**ACTION ITEM:** Your response should contain exactly the lines running from the one with "NISSAN KICKS image 4" to the end of the data below, both included, and no pictures.

**GIVEN DATA:**
:::::

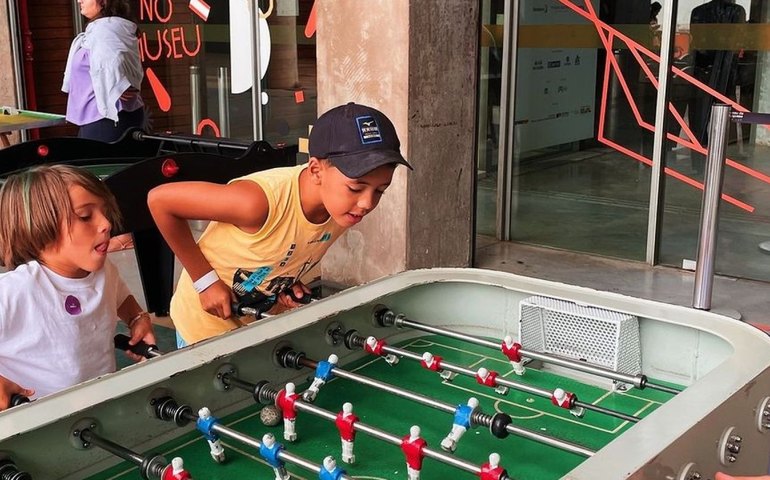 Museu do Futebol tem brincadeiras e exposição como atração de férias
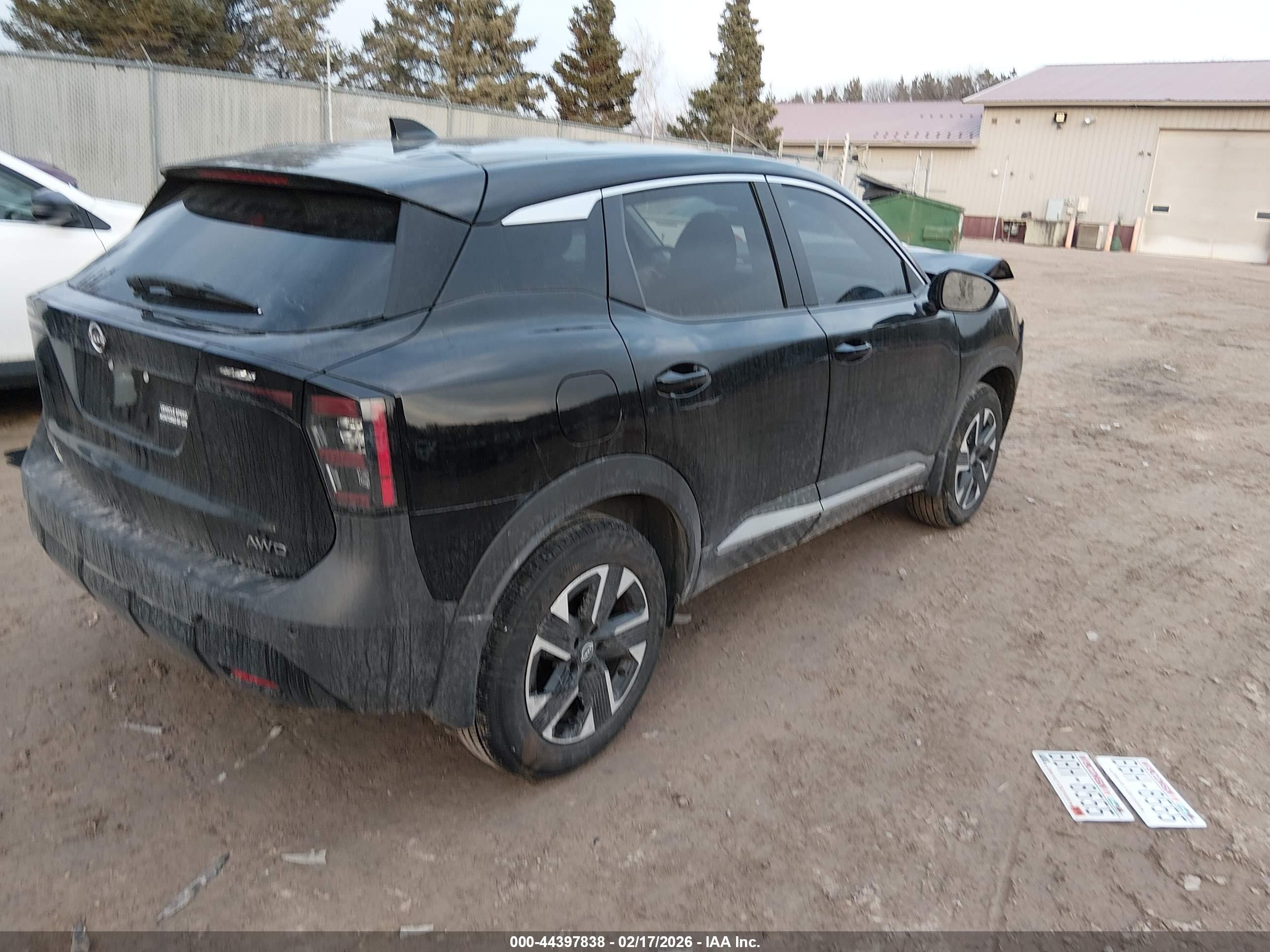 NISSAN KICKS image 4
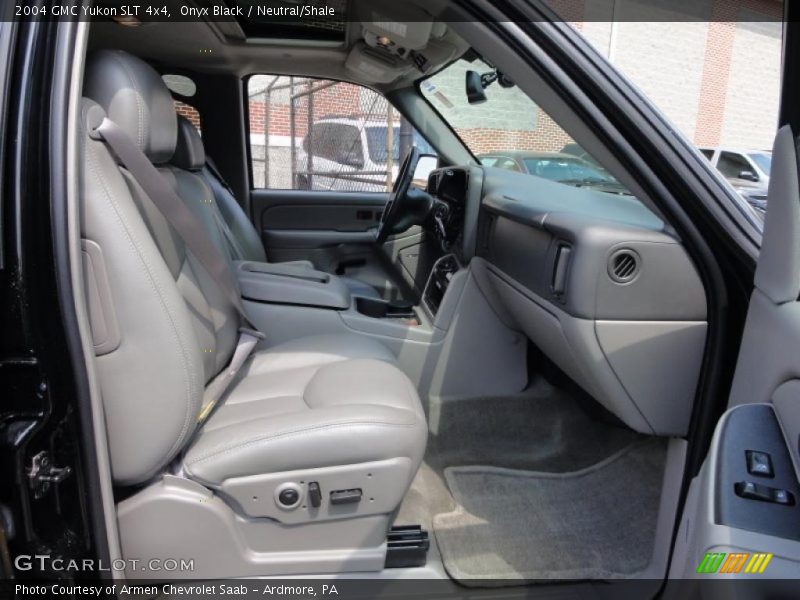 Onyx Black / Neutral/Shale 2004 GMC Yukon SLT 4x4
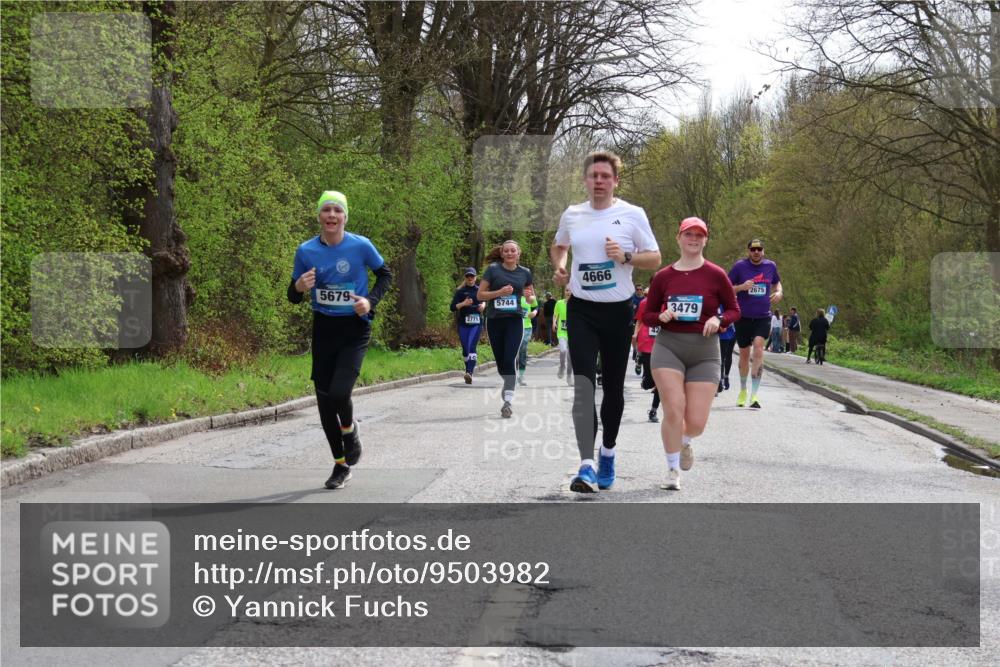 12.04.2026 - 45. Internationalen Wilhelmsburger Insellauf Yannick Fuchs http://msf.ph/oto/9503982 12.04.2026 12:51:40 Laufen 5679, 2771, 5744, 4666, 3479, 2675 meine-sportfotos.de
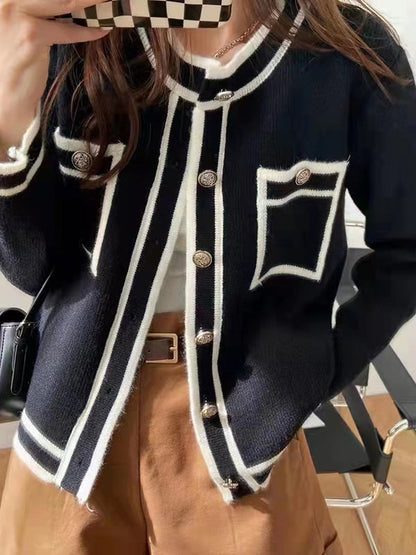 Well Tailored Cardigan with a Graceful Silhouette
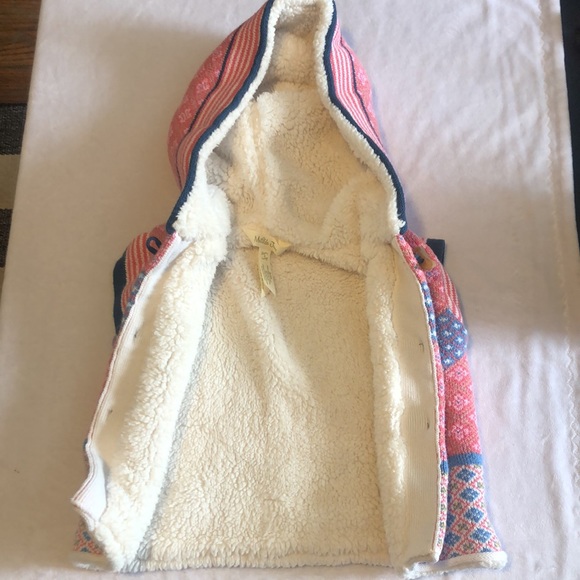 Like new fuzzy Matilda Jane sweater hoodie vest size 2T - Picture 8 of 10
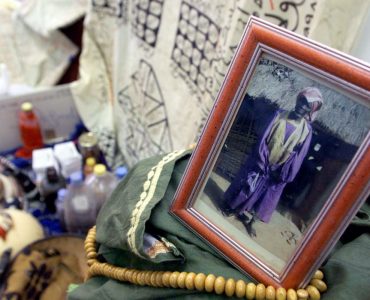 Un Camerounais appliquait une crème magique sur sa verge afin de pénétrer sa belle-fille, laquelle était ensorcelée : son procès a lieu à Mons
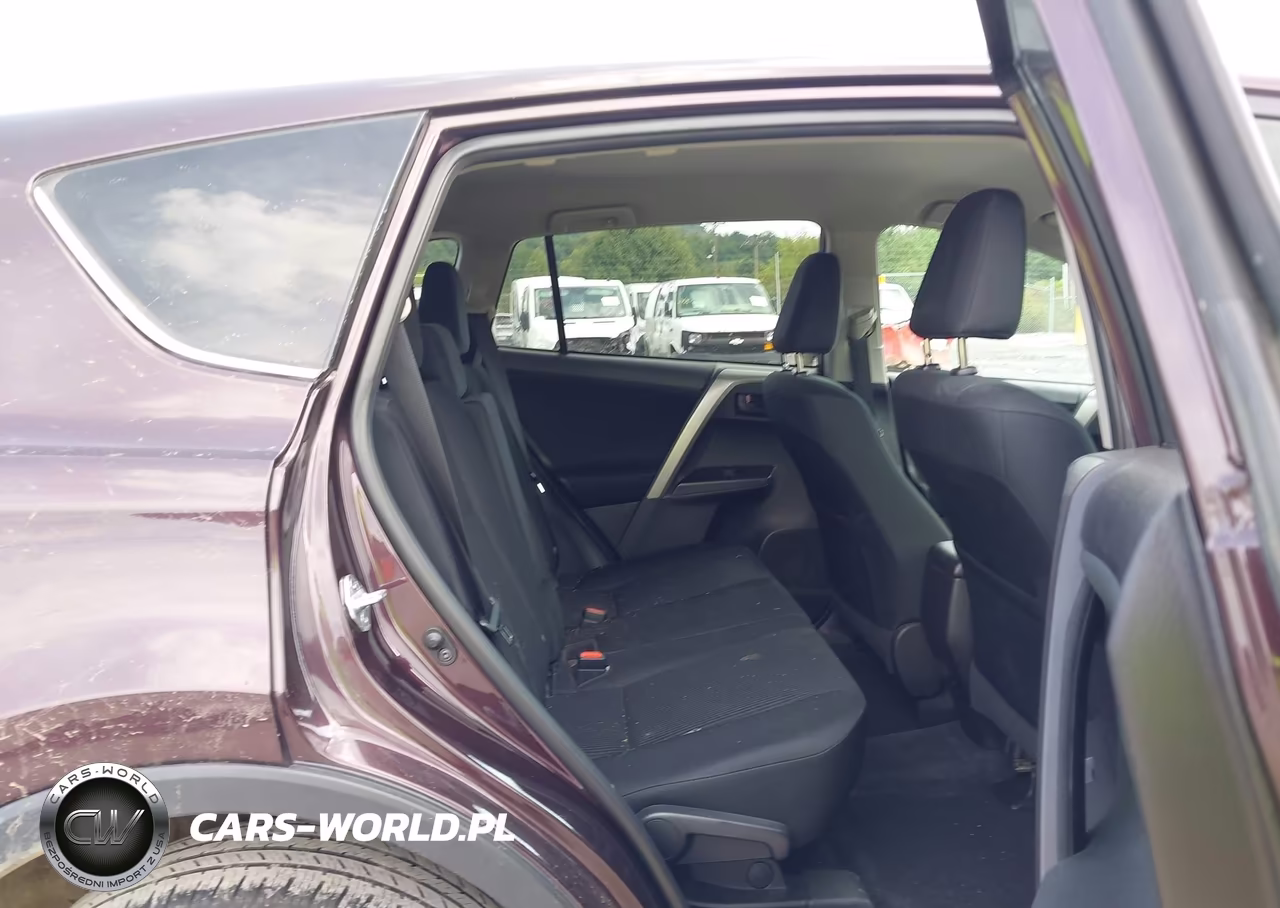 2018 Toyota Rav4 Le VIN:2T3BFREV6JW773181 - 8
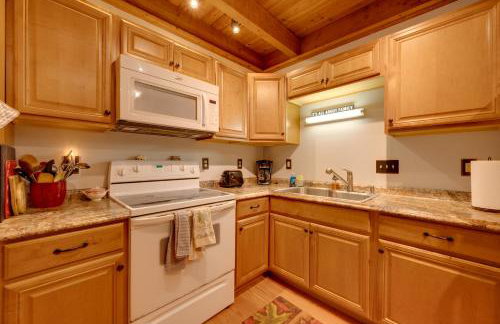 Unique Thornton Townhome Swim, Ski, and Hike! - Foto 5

:::::

**REPLY TO THE EXERCISE:**
 NISSAN KICKS image 4
 Onyx Black / Neutral/Shale 2004 GMC Yukon SLT 4x4
 12.04.2026 - 45. Internationalen Wilhelmsburger Insellauf Yannick Fuchs http://msf.ph/oto/9503982 12.04.2026 12:51:40 Laufen 5679, 2771, 5744, 4666, 3479, 2675 meine-sportfotos.de
 Well Tailored Cardigan with a Graceful Silhouette
 Like new fuzzy Matilda Jane sweater hoodie vest size 2T - Picture 8 of 10
 Un Camerounais appliquait une crème magique sur sa verge afin de pénétrer sa belle-fille, laquelle était ensorcelée : son procès a lieu à Mons
 2018 Toyota Rav4 Le VIN:2T3BFREV6JW773181 - 8
 Unique Thornton Townhome Swim, Ski, and Hike! - Foto 5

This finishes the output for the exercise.